The severity of a fire and the landscape in which it occurs strongly influence the amount of carbon that is lost during combustion and subsequent decomposition of soils and residues. On average, 30 to 100% of above ground biomass is consumed in fires (Dyrness and Norum, 1983; Stocks, 1987). With boreal forest carbon content of 4 to 12 kg C/m2 in living biomass and ground layer vegetation, a year in which 3 million acres burned would lead to a net emissions range of 60 to 180 Mt of C/year in Canadian forests. This assumes a 50% loss of the biomass pools. Using similar carbon contents and biomass loss in Russian forests, annual carbon emissions from a 1.5 Mha fire are likely to be in the range of 30 to 90 Mt per year. These fluxes are due to combustion alone and do not take into account emissions from accelerated soil respiration following fire. The flux of CO2 from soils to the atmosphere resulting from post-fire enhancement of soil respiration can be up to 6 times larger (Levine 1991; Melillo et al. 1988) than losses of carbon due to combustion.
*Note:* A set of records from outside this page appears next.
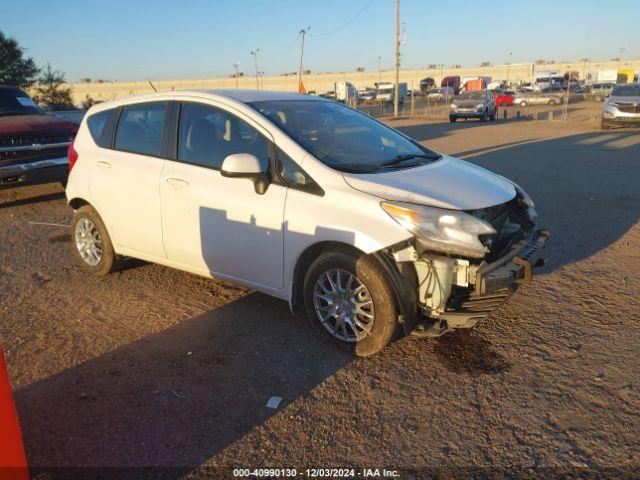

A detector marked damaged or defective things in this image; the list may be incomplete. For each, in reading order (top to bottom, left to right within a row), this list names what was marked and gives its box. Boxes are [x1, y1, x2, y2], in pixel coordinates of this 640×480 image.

crumpled hood [342, 156, 516, 210]
broken headlight assembly [382, 200, 498, 258]
damaged front end [380, 191, 552, 338]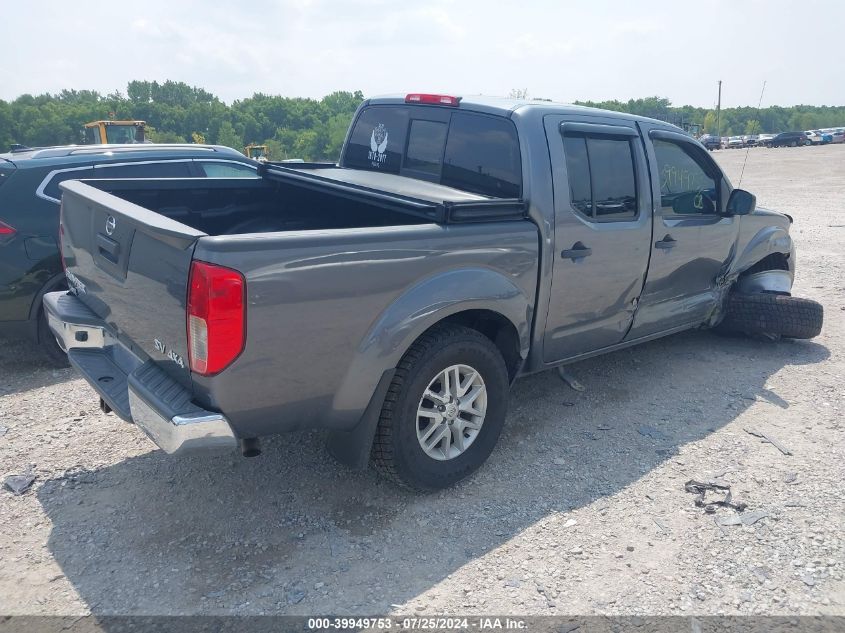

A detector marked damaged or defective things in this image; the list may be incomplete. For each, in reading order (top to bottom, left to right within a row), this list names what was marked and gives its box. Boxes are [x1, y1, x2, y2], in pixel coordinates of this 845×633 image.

detached tire [716, 292, 820, 338]
detached tire [370, 324, 508, 492]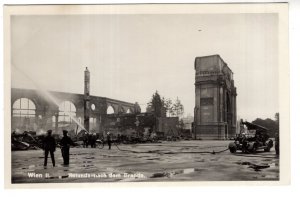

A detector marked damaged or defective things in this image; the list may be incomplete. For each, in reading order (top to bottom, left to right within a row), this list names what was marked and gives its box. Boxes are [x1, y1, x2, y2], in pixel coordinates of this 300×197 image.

burned structure [195, 54, 237, 139]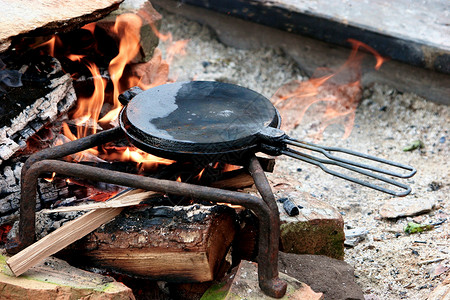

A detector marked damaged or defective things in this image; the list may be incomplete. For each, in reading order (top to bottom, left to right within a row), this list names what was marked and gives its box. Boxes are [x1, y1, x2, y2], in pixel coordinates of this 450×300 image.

rusty metal stand [7, 128, 288, 298]
rusty metal bar [12, 159, 286, 298]
rusty metal bar [248, 156, 286, 296]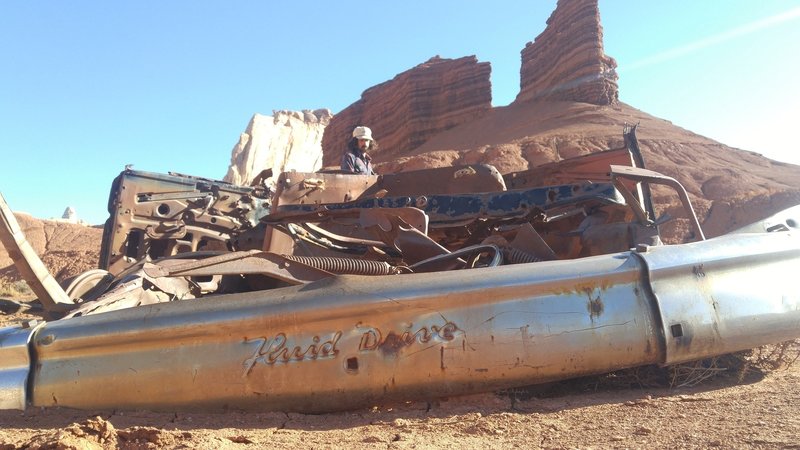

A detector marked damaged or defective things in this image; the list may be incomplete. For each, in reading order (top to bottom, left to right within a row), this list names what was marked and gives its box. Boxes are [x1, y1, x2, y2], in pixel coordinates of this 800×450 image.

rust-covered steel [1, 125, 800, 412]
rusted car wreck [1, 126, 800, 412]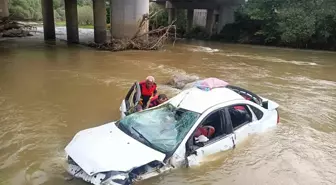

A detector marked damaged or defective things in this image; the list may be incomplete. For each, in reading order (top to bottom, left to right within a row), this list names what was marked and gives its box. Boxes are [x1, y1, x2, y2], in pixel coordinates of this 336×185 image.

broken windshield glass [118, 102, 200, 153]
shattered windshield [119, 102, 200, 153]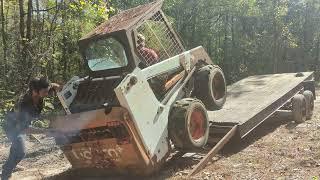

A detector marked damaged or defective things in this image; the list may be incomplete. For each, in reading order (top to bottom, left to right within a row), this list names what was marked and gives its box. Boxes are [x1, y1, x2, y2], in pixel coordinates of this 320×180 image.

In boreal forests (largely in Canada and Russia), Kurz and Apps (1995) have estimated that a 50% reduction in forest fires each year would result in the storage of 2.3 Gt of carbon by 2050 (46 Mt C/year reduction). Because fire frequency, extent and severity are highly variable, a range of emissions reduction scenarios are shown in Figure 2. The scenarios range from 5% to 20% reductions in fire extent for Canada and Russia. By way of comparison, 51% of the land area of Alaska is designated in a non-suppression category with the remaining 49% subject to varying degrees of fire suppression activities (Alaska Department of Forestry). Additional credit for carbon sequestration associated with fire suppression would presumably require increased levels of suppression activities. All three countries have similar low and high values for the area consumed in annual fires so Figure 2 can be taken to represent the high and low values for incremental increases in fire suppression activities in any of the three countries.

There are a number of problems associated with using fire management as a tool for carbon sequestration. One of the most difficult issues is establishing a baseline value for fire emissions in a given year. Credit for fire suppression might include all activities aimed at combating fires or alternatively could include credit for fires outside previously established zones of active suppression (STOP, 1999). However, even if agreement on which fire suppression activities are allowable could be reached, there are substantial technical hurdles in evaluating the difference between how much carbon would have been lost without suppression vs. how much actually was lost during suppression activities. Imposition of required determination of management impacts on fire losses would add significantly to the difficulty of assessing carbon losses (and avoided losses).

A second issue involving fire suppression revolves around the time scale of emissions reduction. In the short term avoided fire emissions can have a large impact on atmospheric carbon. In the long term (decades to centuries), fire suppression activities are likely to lead to larger and more severe fires and therefore to increased carbon emissions in the future. Decades of fire suppression in Canada are, at least, partially attributed to the increases in fire severity and extent in recent years (Linder et al. 1997; Kronberg, 1998; Harden et al. in press; Solomon and Leemans, 1997; Wotton and Flannigan, 1993). For these reasons, activities taken during the current commitment period will have large impacts on latter commitment periods and the mechanisms for handling these types of delayed effects are not yet established and will be difficult to define.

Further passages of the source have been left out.